[[ Extracted material open ]]

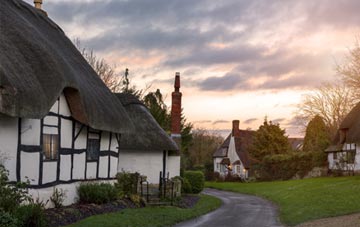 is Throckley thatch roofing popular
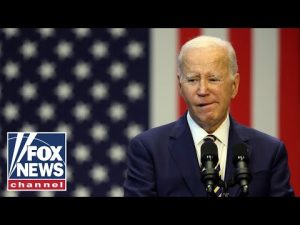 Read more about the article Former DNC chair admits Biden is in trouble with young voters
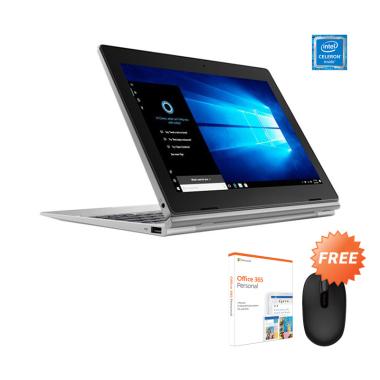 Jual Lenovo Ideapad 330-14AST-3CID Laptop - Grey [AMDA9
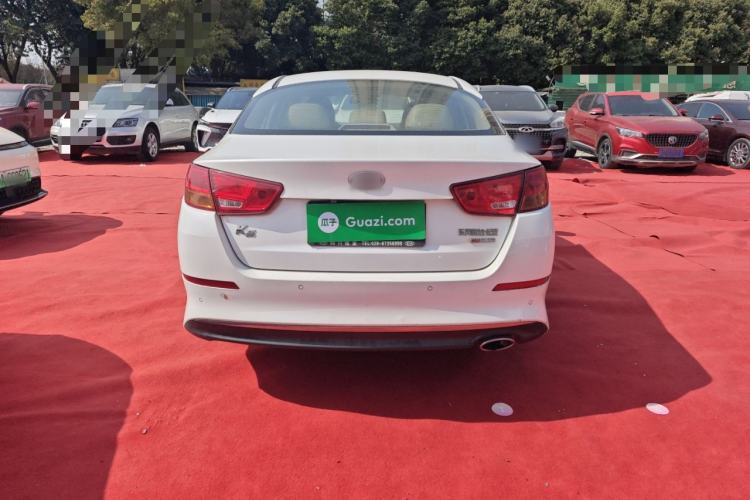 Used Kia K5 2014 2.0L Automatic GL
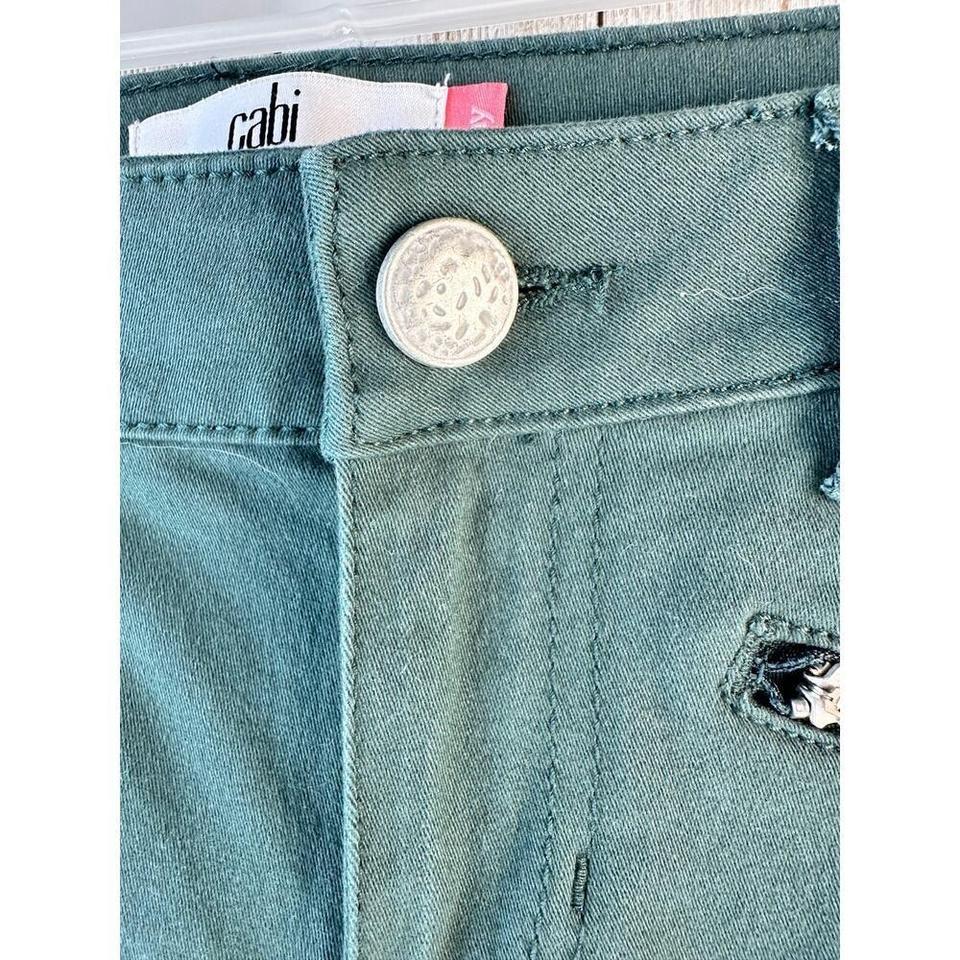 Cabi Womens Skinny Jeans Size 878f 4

[[ Extracted material closed ]]

Task statement: Please reprint the whole listing exactly and omit its pictures.

Solution to this task:
 is Throckley thatch roofing popular
 Read more about the article Former DNC chair admits Biden is in trouble with young voters
 Jual Lenovo Ideapad 330-14AST-3CID Laptop - Grey [AMDA9
 Used Kia K5 2014 2.0L Automatic GL
 Cabi Womens Skinny Jeans Size 878f 4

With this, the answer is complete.